Yes. You want the coordinates of the tip of the minute hand, and are now finding the x-coord. separately. Next, you'll find the y-coord.

Answer 40

Would the x-coordinate be -2.8?

Answer 41

Yes! Now, try finding the y-coordinate. Would you expect it to be positive or negative? Why? Hint: in which direction does the minute hand turn?

Answer 42

It goes clockwise so the y-coordinate would be negative.

Answer 43

You're doing very well indeed. Indeed the tip of the minute hand would be in quadrant III as measured counterclockwise from 0 degrees or 0 radians.

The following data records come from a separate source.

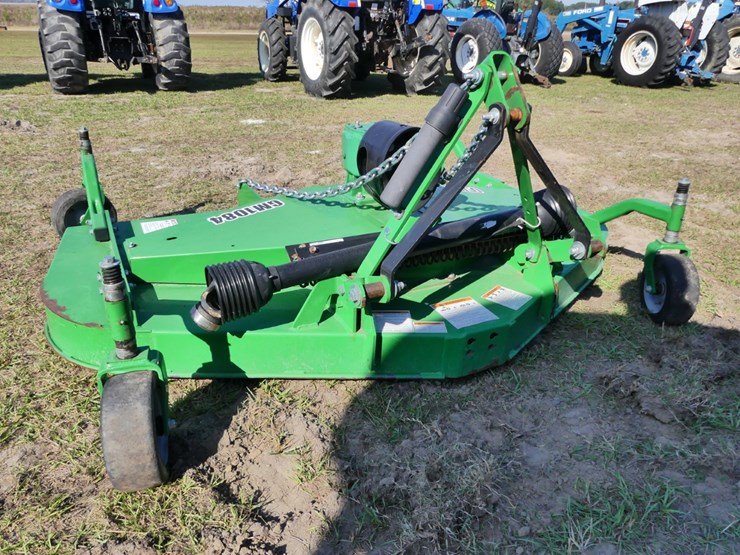 frontier-gm1084-image-4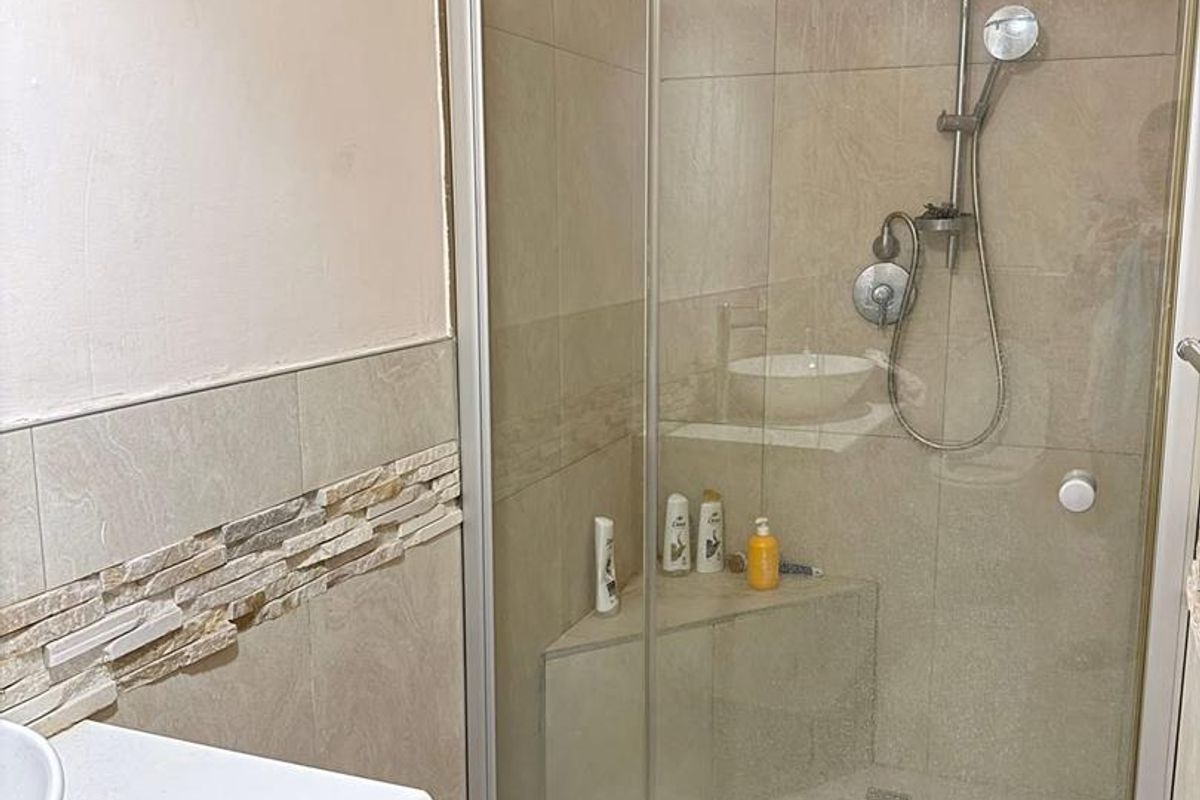 House For Sale Old Pionierspark - Photo 5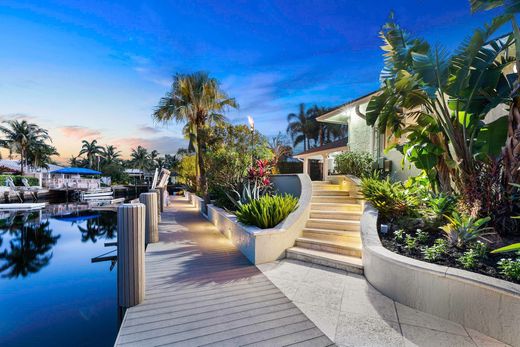 Villa - Boca Raton, Palm Beach County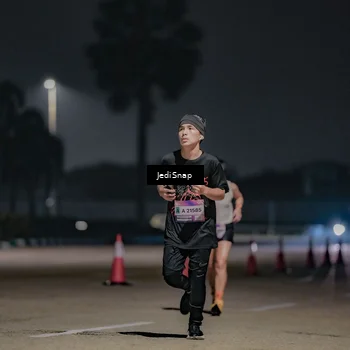 Runner Photo 7503781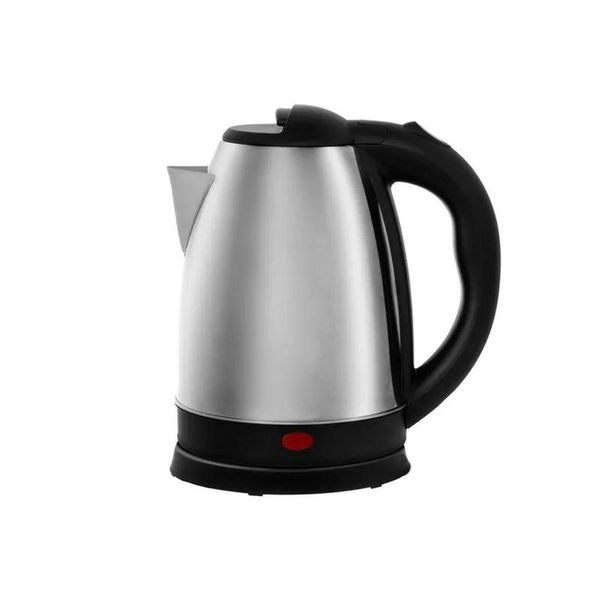 17564346270219 17564346270219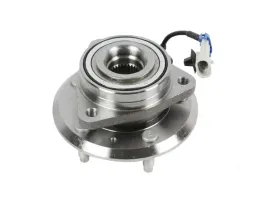 piasta-lozysko-kola-przod-chevrolet-captiva-opel-antara-a-2006-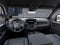 2026 RAM Ram 4500 Chassis Cab RAM 4500 TRADESMAN CHASSIS CREW CAB 4X4 84' CA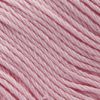 Kleurdetail van Katia Capri een 100% gemerceriseerde brei- en haakkatoen in de kleur 82121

What do you now think are the coordinates of the tip of the minute hand?

Answer 44

I'm sorry, sir. I'm not sure about what to do from here.

Answer 45

You've correctly found the x-coordinate of the tip of the minute hand: x=-2.8.
You've correctly predicted that the y-coord. is negative.
By evaluating (4 inches)(sin [-(3/4)pi], you'll end up with the y-coordinate. What is it?

Answer 46

I got -0.16 but I don't think that I'm right.

Answer 47

How did you obtain that? Are you using a calculator?

Answer 48

Yes I am

Answer 49

I used sin for 3/4, then multiplied it by pi, and then multiplied it by 4.

Answer 50

Can you set it to either degree or radian mode?
if so, set it to degree mode if you're finding y=sin (-135 deg) or to radian mode if you're finding y = sin ([3/4]pi).

Answer 51

I see. That explains what happened here. FIRST, multiply (-3/4) by pi. only AFTER that, find the sine of the result.

Answer 52

Please try again.

Answer 53

In which mode (degrees or radians) is your calculator currently operating?

Answer 54

Degree

Answer 55

then the angle in question is -135 degrees. type in cos (-135) and see what you get.

Answer 56

I got -0.707

Answer 57

And that's correct.

Answer 58

For the y-coordinate?

Answer 59

Your -0.707 is correct as the value of the sine of (-135 deg). But you still have to multiply that by 4 inches, don't you? Try it, please.
Hint: the x- and the y- coordinates happen to be the same here!

Answer 60

Oh wow, I kept getting -2.8 for y but I thought I was wrong

Answer 61

So the coordinates are (-2.8.-2.8)?

Answer 62

Yes, that's perfect, EXCEPT you'll need to write "inches" after each of the two coordinates.

Answer 63

Ok. Thank you, sir, so very much!

Answer 64

My great pleasure, fawkes! Talk with you again!